--- What is being asked ---
Begin at the line below that contains "Lost Male Dog". Repeat it and all remaining lines of the records exactly.

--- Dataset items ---
○ ○ ○ ○

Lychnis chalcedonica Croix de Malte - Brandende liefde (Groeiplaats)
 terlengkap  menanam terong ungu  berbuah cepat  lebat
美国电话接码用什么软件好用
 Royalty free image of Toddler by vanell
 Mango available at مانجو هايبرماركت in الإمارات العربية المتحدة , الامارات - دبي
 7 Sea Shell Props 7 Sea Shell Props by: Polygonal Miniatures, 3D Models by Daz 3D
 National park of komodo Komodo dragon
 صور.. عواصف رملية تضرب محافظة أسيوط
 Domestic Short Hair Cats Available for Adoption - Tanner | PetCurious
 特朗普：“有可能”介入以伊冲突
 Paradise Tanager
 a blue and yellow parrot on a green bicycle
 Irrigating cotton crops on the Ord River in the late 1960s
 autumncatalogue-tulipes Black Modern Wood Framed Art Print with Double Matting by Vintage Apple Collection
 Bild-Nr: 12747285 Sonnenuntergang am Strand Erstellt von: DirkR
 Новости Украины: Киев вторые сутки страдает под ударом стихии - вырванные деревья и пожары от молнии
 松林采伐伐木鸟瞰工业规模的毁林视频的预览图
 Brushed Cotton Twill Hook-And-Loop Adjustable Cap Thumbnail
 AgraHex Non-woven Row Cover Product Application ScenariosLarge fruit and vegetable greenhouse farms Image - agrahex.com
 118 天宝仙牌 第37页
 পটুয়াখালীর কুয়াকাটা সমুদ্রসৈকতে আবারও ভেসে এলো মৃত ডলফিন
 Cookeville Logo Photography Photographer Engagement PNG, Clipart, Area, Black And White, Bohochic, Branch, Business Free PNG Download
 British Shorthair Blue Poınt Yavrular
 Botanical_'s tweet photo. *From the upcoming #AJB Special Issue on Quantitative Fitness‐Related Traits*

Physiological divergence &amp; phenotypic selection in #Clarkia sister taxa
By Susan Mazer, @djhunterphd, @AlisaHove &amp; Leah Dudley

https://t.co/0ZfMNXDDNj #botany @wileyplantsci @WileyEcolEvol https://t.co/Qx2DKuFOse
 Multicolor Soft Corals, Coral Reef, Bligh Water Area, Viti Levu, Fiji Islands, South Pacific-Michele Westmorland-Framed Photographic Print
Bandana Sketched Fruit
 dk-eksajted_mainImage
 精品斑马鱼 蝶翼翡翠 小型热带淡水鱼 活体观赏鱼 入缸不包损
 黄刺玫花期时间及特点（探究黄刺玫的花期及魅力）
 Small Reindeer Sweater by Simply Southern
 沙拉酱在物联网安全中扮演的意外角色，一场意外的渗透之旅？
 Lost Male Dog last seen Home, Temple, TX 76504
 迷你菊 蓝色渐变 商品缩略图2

○ ○ ○ ○

--- Problem solution ---
 Lost Male Dog last seen Home, Temple, TX 76504
 迷你菊 蓝色渐变 商品缩略图2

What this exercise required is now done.